FDI in multi-brand retail commendable but life doesn't change for Indian e-com startups: Experts

The government's decision to allow up to 51 per cent foreign direct investment (FDI) in multi-brand retail has been made with an eye on physical stores, but it would undoubtedly impact online retailers as well.

Of course, some prominent investors in Indian e-commerce space are cautious in commenting (after all, it is an open secret how almost every second e-commerce venture in India is funded by foreign investors), but when we bounced the question to experts in their field as to what the move actually means for India's bustling e-commerce business, the reaction suggests 'not much', at least to begin with.

There are two niggling issues, to begin with. One is the clause that a state government can disallow multi-brand retailers with up to 51 per cent foreign investment to operate in the state. And the other is – foreign investors need to bring in $100 million in the retail entity, half of which is to be put in logistics to support the business.

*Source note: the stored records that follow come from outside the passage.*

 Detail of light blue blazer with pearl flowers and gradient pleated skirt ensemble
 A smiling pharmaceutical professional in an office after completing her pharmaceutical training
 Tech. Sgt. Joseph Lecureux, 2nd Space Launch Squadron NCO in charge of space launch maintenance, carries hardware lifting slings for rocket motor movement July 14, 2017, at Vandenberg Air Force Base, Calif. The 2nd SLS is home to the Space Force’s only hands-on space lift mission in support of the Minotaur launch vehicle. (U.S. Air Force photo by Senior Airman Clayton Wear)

While almost everyone has acknowledged that the move is positive, how much it would change the life of an e-commerce startup in the short term or how it would impact even relatively mature players is questionable.

We began by asking the largest player in the field. According to Flipkart CFO Karandeep Singh, even though it is a welcome move, it is too early to offer a perspective as the policy is still being worked out.

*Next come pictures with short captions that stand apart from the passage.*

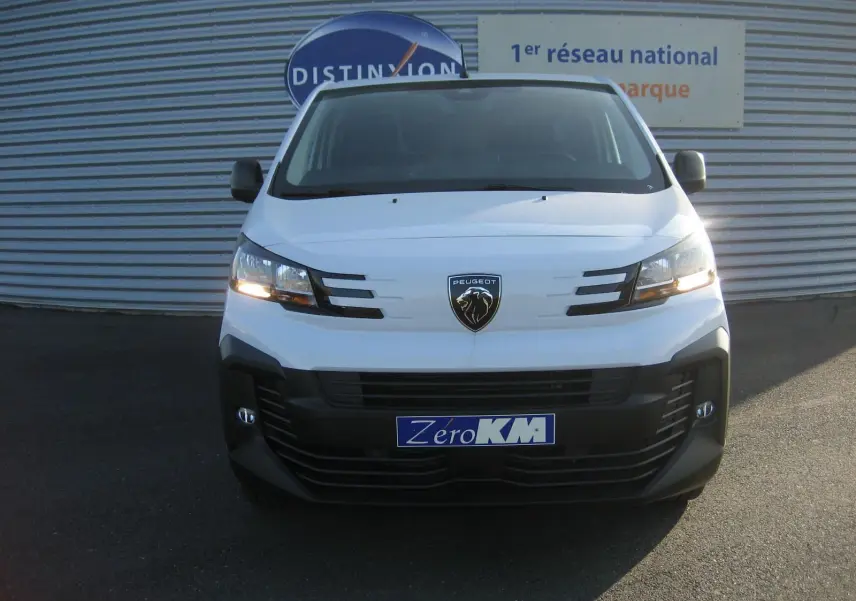 Vue de face d'un Peugeot Expert Fourgon blanc avec feux allumés et logo lion distinctif sur calandre noire.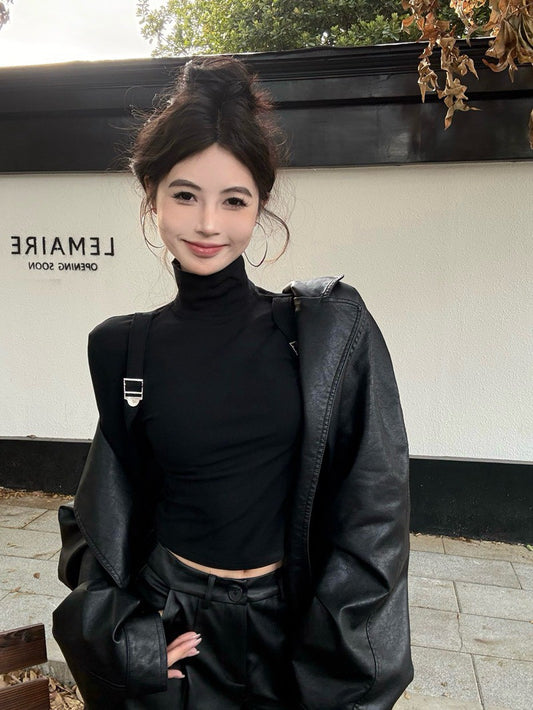 NA+ 酷颯美模揹帶設計感高領長袖上衣 黑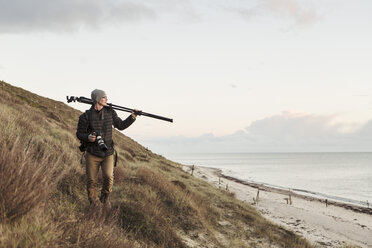 Photographer looking away while carrying tripod on hill by sea - MASF02215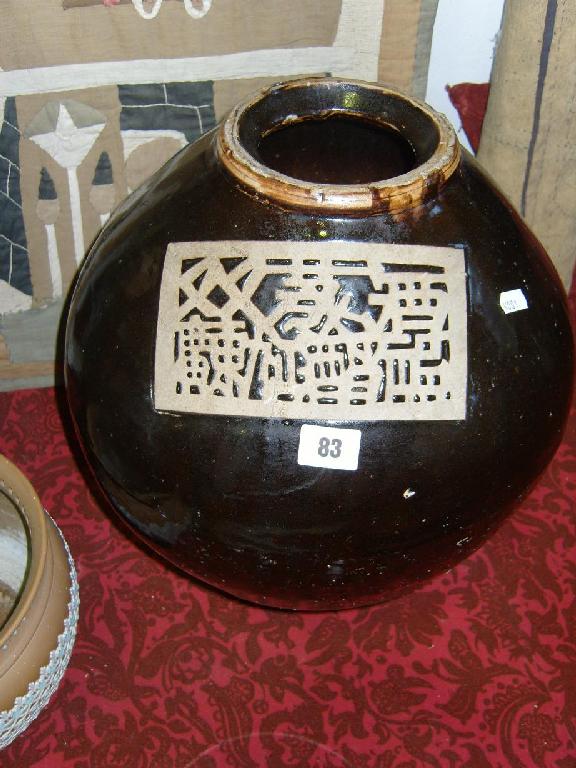 Appraisal: A large oriental vase with dark brown glaze and reserved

"However, we do believe that FDI in multi-brand retail could go a long way in improving efficiency in supply chain and could also invite investments in relevant areas. As for e-commerce in India, the industry is still at a nascent stage and the market needs players who can invest in the ecosystem and drive the growth of the industry itself. And entry of other players in the e-commerce space will create a competitive landscape for the e-commerce business, eventually leading to larger benefits for the Indian customers," he added.

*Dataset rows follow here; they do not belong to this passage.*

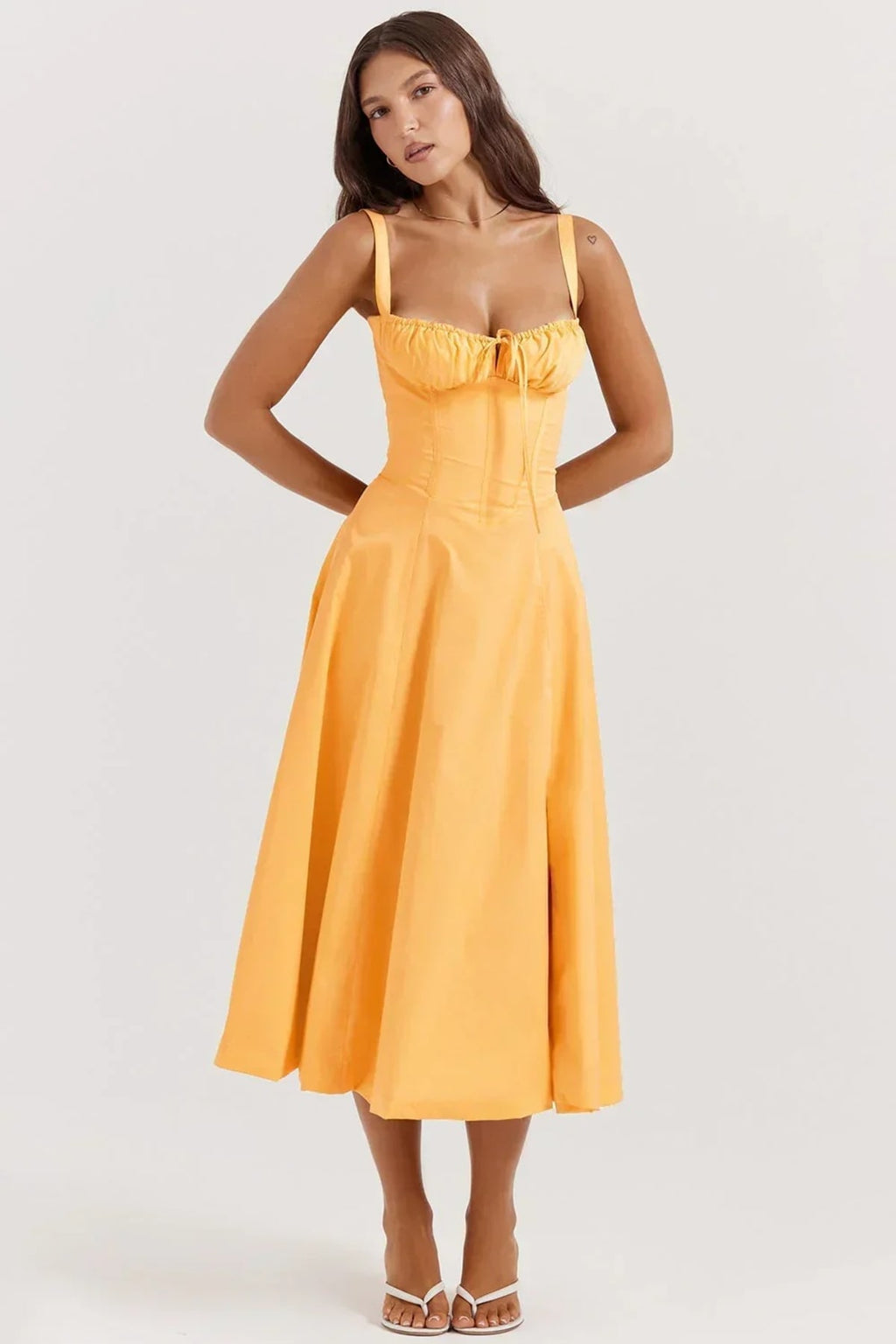 Woman in yellow midi sundress with ruched bust, corset bodice.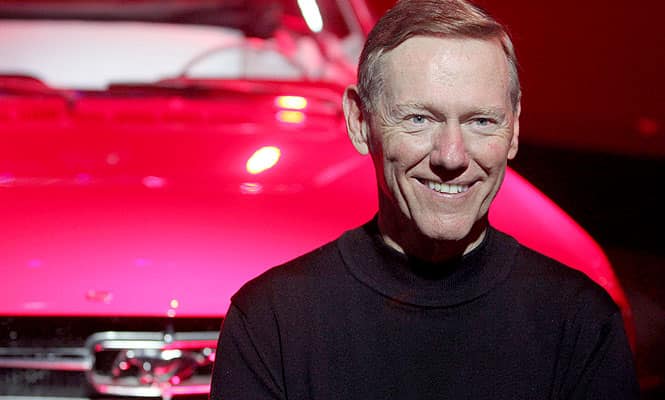 Alan Mulally, president and chief executive officer of Ford Motor Company, posing for a photo at the 50-years celebration ceremony of the Ford Mustang, ahead of the 'Auto China 2014' in Beijing.(AFP PHOTO) Ford shows off 'smart' Mustang at Taiwan tech show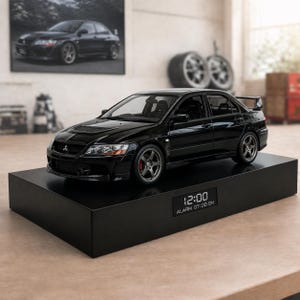 Peut inclure: Une voiture miniature noire avec des jantes argentées est posée sur un socle rectangulaire noir. La voiture est une berline avec un aileron arrière. Le socle affiche l'heure "12:00" et "ALARM 07:00 ON". Une photo encadrée d'une voiture similaire est en arrière-plan.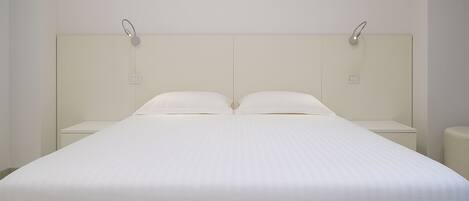 A large bed with a white headboard and two bedside tables.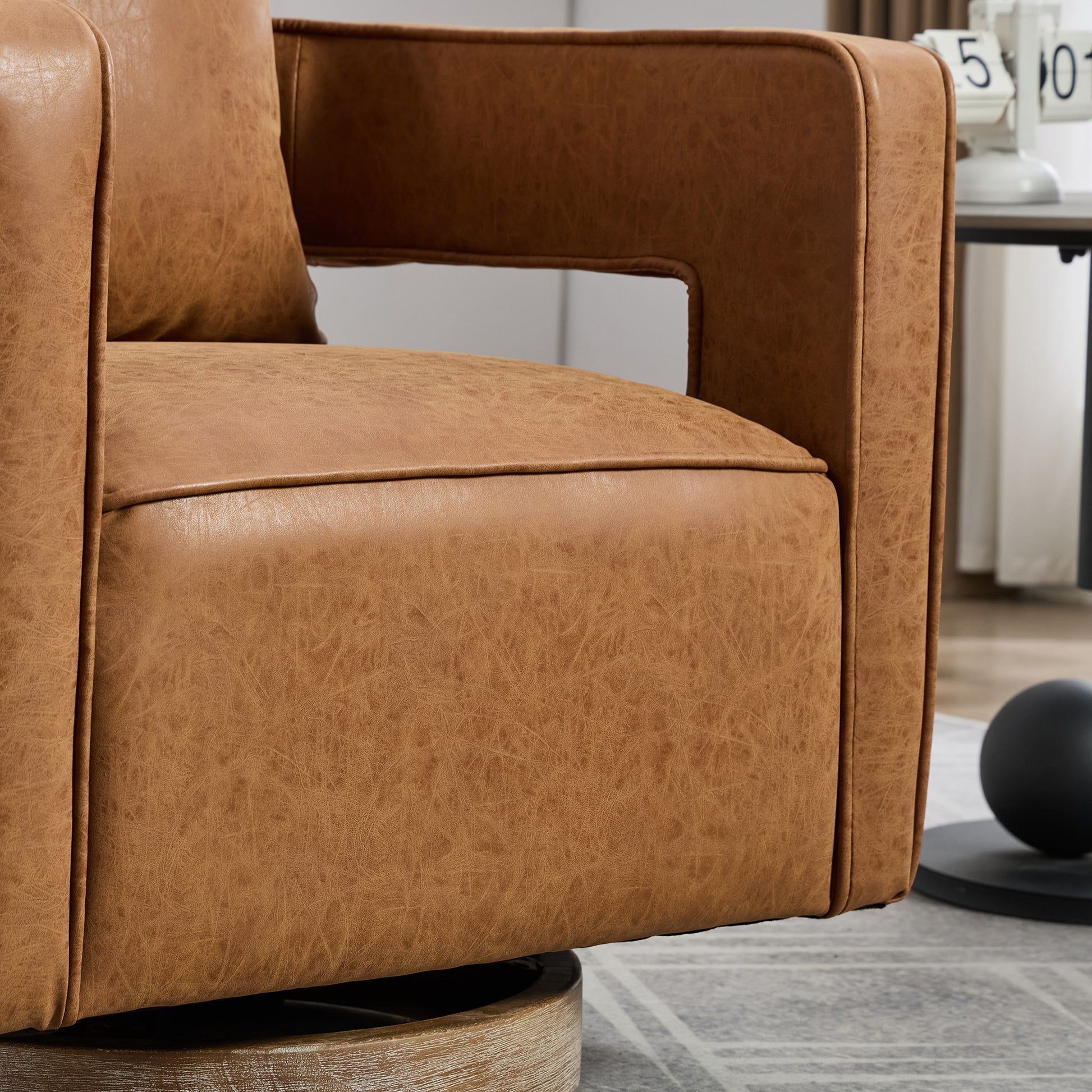 Tan faux leather armchair with plush seat cushion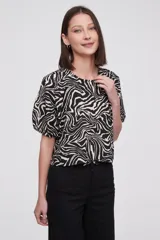Blusa con estampado animal print en blanco y negro, de mangas cortas abullonadas y cuello redondo.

Some like K Vaitheeswaran, founder & CEO of (it is one of the oldest surviving e-commerce firms), pointed out that the only challenge that he sees is the state approval clause.

He is referring to the rider the Indian government has put that allows state governments to opt out of the system, which in effect, would bar multi-brand retailers from opening physical stores in those states. But how far this clause is applicable to e-commerce business is not clear yet.

"E-commerce is a large sector now and it is time the government recognises the fact and issues specific guidelines and clauses for it," said Vaitheeswaran. According to him, the government's move is good for physical retail but for now, it will bear no immediate effect on e-commerce as a sector.

The sentiment is echoed by others. Alok Mittal of venture capital firm Cannan Partners said, "In the given form and shape, it won't really affect e-commerce since nothing is clear."

He has also raised a pertinent point saying just because 51 per cent FDI has been allowed, investors would not suddenly start investing $100 million in e-commerce.

"That kind of investment does not happen in e-commerce and for now, the stakeholders will stick to the present system of funding," said Mittal.

As we have pointed out in our earlier report, most Indian e-commerce firms follow a dual corporate structure where the venture capital investors put in the money in the backend or the wholesale retail firm, which actually supplies to the Indian-owned frontend e-commerce site.

Mittal, who is also an active angel investor, reiterated the need to recognise e-commerce as a standalone sector and said that the government should come out with specific provisions. "Right now, everything is for physical retail and there is a lot of confusion for e-commerce players," he said.

He added that just like any other e-commerce company, Amazon would face the same problem. "Will they invest $100 million at the first go? In my mind, this move does not open the floodgates for foreign e-commerce players to enter the Indian market," summed up Mittal.

But what about the existing corporate structure that has been devised to circumvent the implicit ban on foreign investment in such ventures?

According to Prashant Kataria, principal at the law firm Lexygen, the fact that investors can now invest directly into the front end of the business will give them a lot of comfort but whether they will be more interested in investing in a single Indian company, as compared to one with the existing structure, will depend on investors alone.

"The investor's comfort level will increase a hundredfold knowing that they are investing in a company that is complying with all the requirements set by the Cabinet and is following the letter of the law. From the company perspective, they will now be able to openly seek foreign investments from reputed key players and give a lot more comfort to investors making investments into them," he said.

Vishal Mehta of Infibeam, one of the local firms which have not raised foreign capital yet, said a number of clarifications would be required still in the e-commerce context.

"E-commerce has always had a number of workarounds that have ensured that the FDI restrictions did not affect their growth (read fundraising was never a big problem). But moving forward, companies will have to be very careful of the fact whether they are complying with the regulations or not."

Padmaja Ruparel, member of the Indian Angel Network, said that large companies would directly benefit from 51 per cent FDI in multi-brand retail as no startup would require $100 million in funding.

She also added that one impact in the ecosystem would be that with the FDI coming in, the companies would expand (with new services, products and commercial models) and the market would grow, directly leading to a lot of job creation.